▶ Provided records:
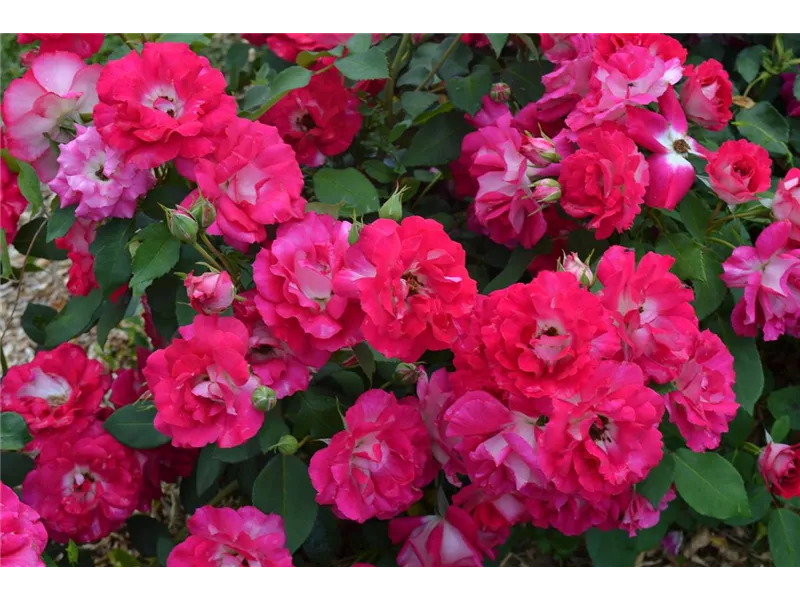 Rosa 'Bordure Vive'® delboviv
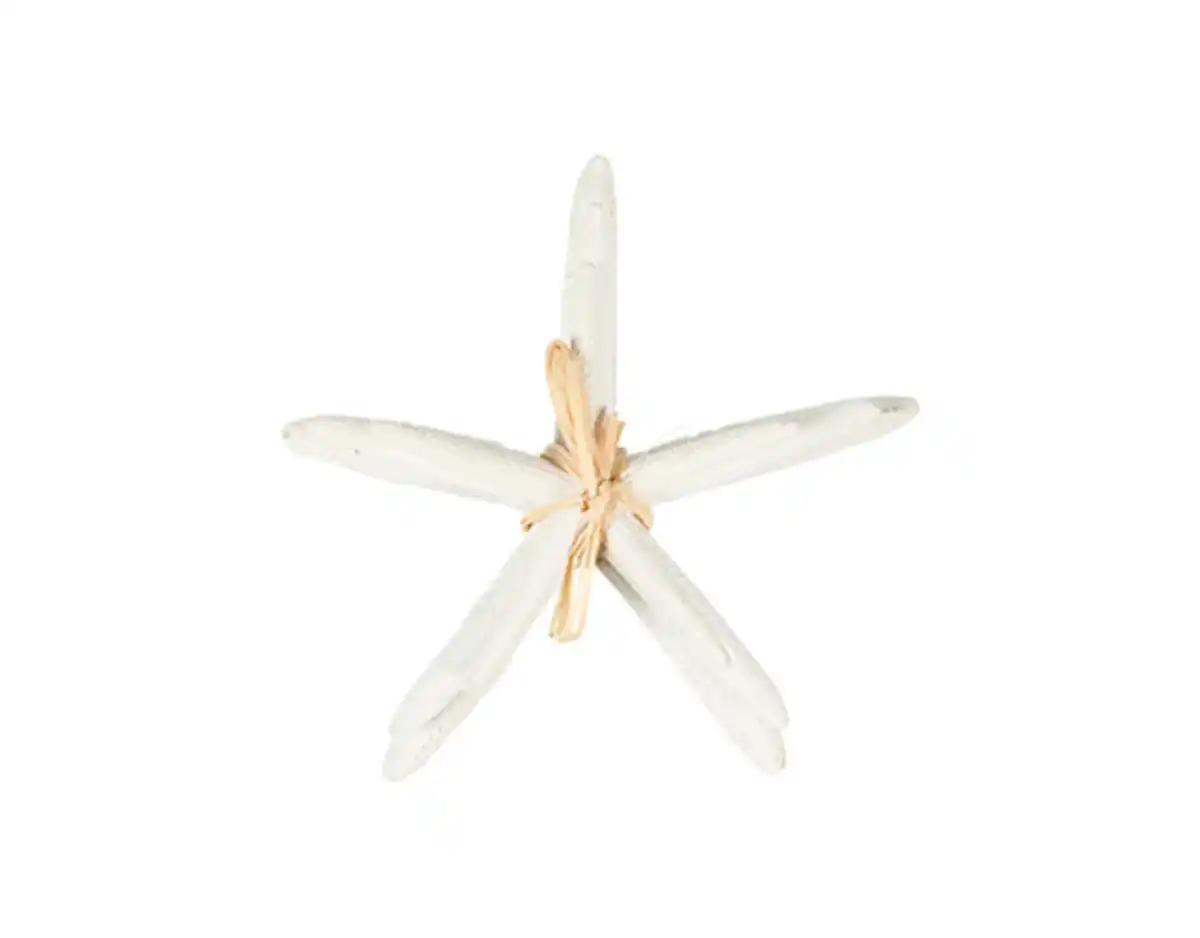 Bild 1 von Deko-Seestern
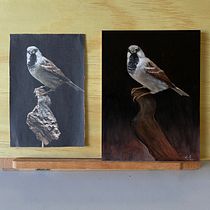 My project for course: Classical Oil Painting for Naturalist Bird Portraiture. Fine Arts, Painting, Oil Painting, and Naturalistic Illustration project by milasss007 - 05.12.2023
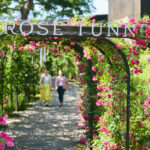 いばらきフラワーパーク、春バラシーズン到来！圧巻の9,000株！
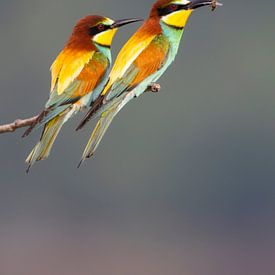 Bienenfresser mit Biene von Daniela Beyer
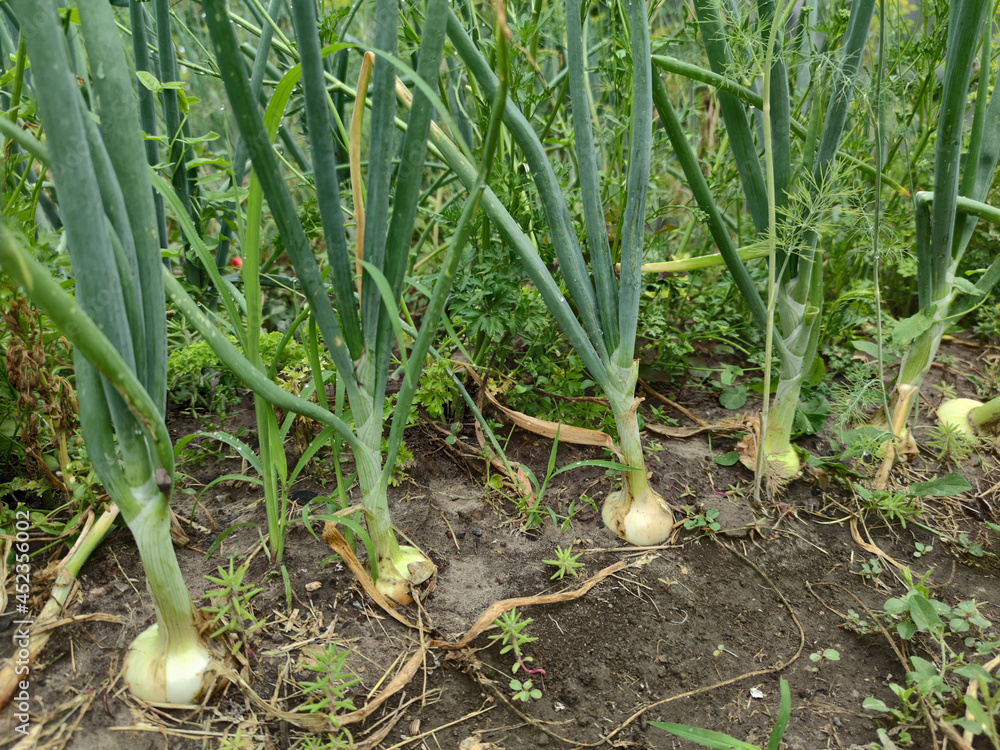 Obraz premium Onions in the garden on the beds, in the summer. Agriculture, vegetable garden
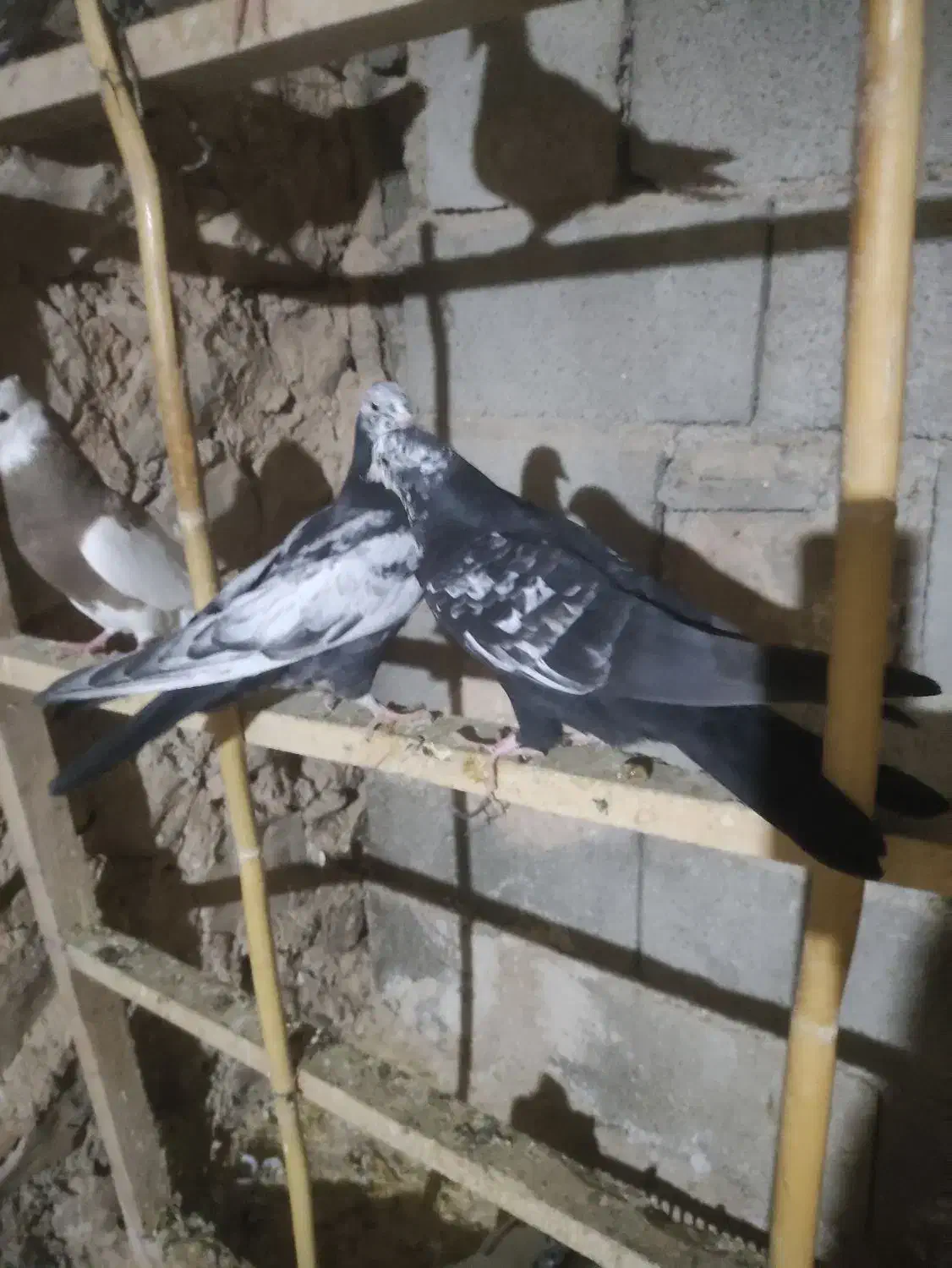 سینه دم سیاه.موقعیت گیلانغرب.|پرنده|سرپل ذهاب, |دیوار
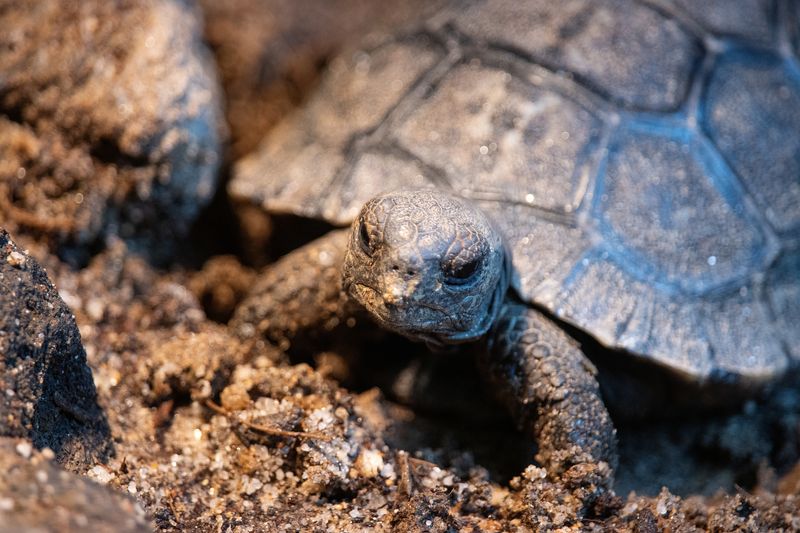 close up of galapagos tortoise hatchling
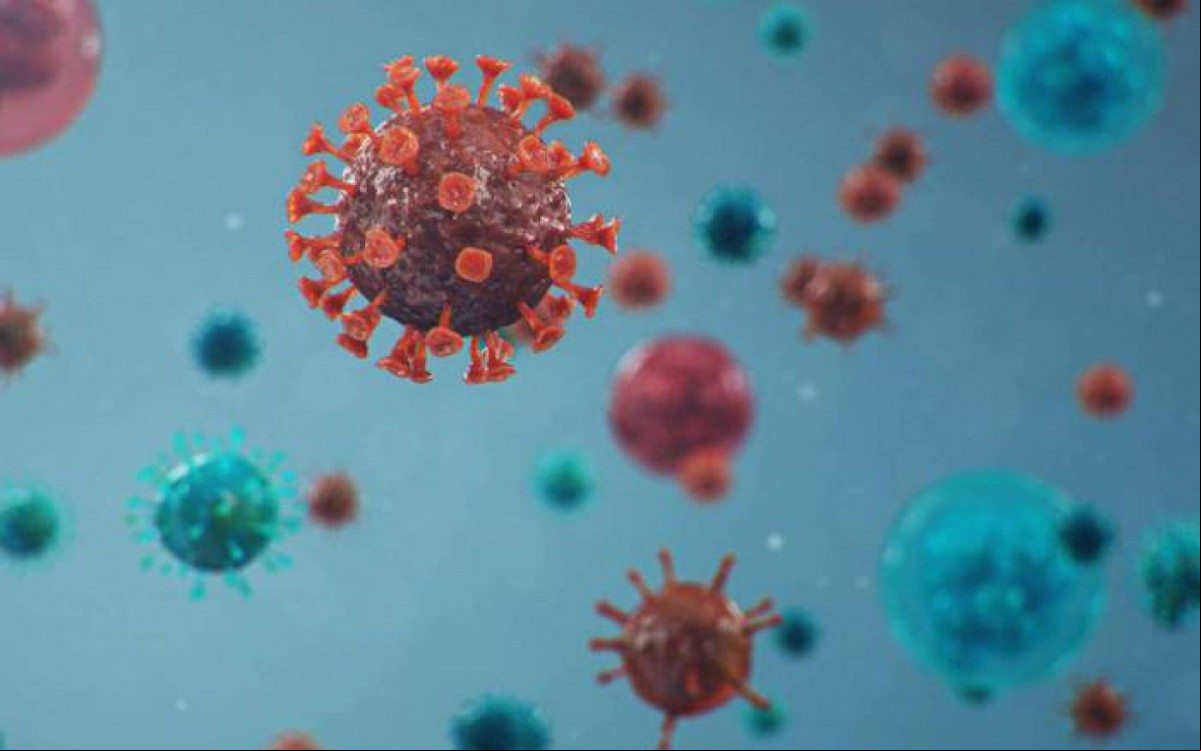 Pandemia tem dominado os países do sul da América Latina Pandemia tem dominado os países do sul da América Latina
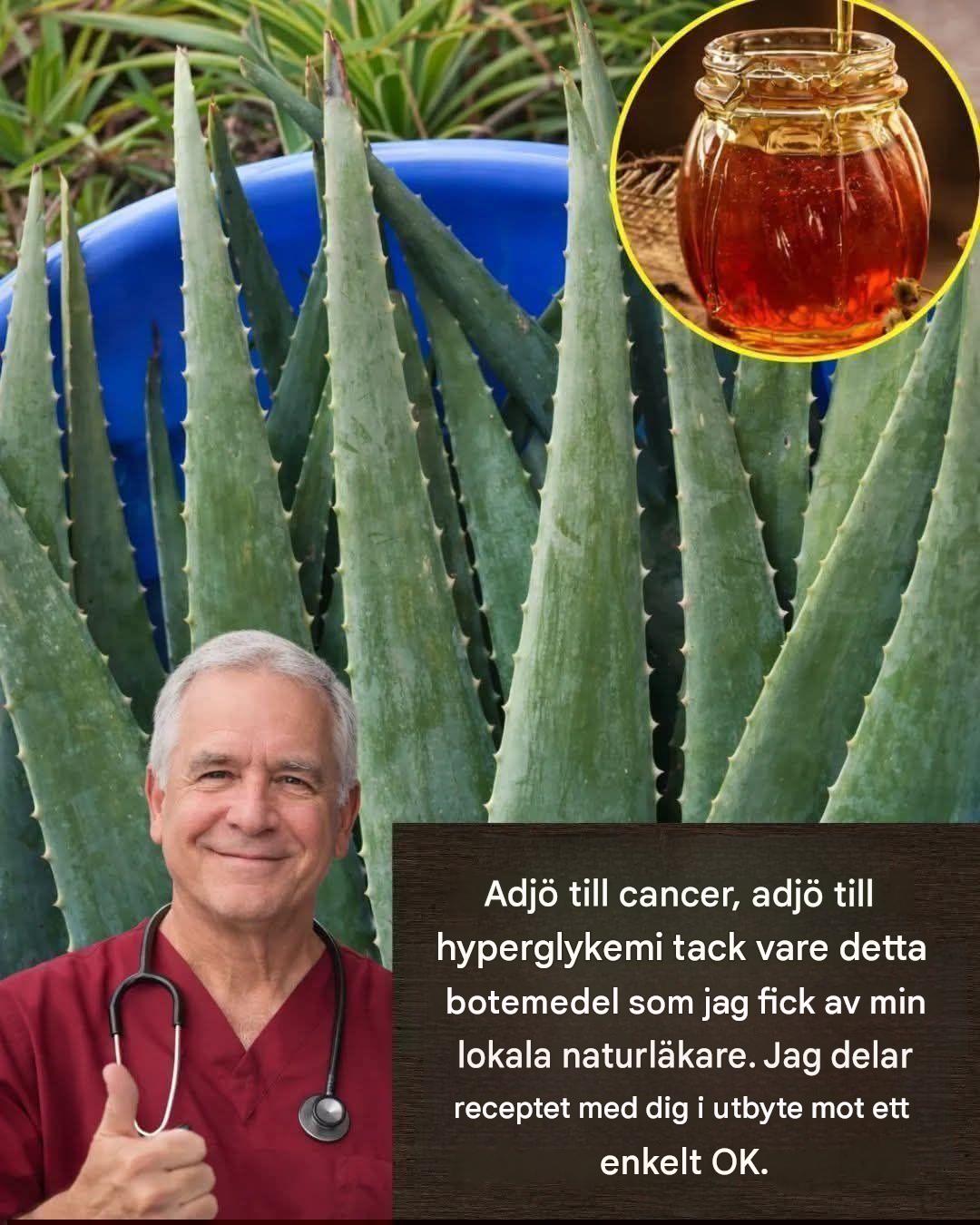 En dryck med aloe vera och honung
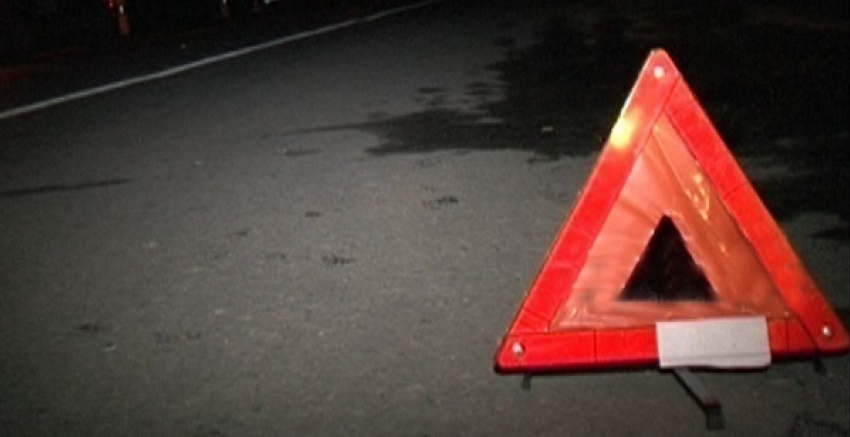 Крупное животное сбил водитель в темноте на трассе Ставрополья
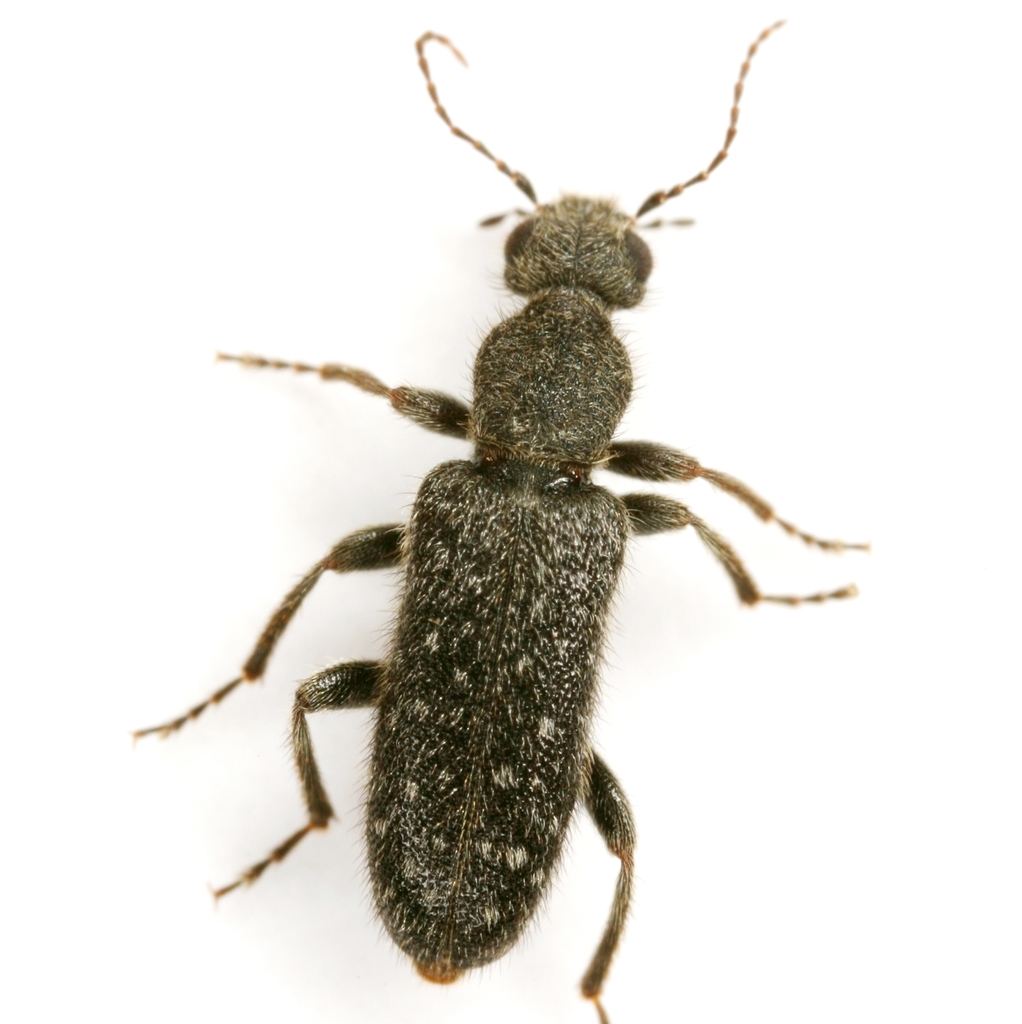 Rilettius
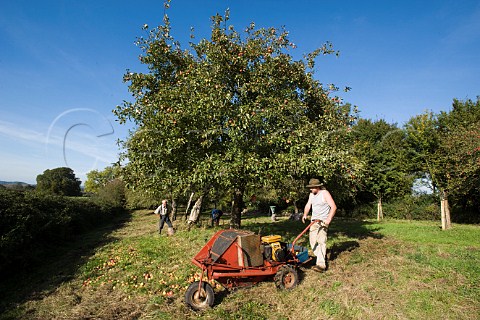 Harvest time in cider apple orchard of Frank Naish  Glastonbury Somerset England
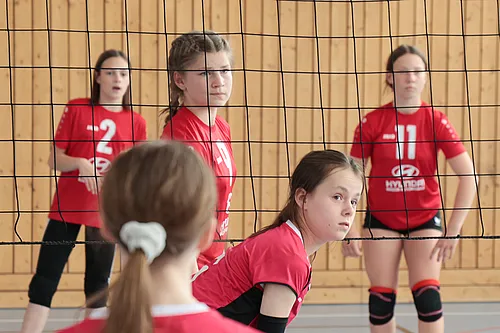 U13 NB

▶ What needs to be done: Without the pictures, write out the lines from the beginning of the entries through the line with "close up of galapagos tortoise hatchling".

▶ Solution below:
 Rosa 'Bordure Vive'® delboviv
 Bild 1 von Deko-Seestern
 My project for course: Classical Oil Painting for Naturalist Bird Portraiture. Fine Arts, Painting, Oil Painting, and Naturalistic Illustration project by milasss007 - 05.12.2023
 いばらきフラワーパーク、春バラシーズン到来！圧巻の9,000株！
 Bienenfresser mit Biene von Daniela Beyer
 Obraz premium Onions in the garden on the beds, in the summer. Agriculture, vegetable garden
 سینه دم سیاه.موقعیت گیلانغرب.|پرنده|سرپل ذهاب, |دیوار
 close up of galapagos tortoise hatchling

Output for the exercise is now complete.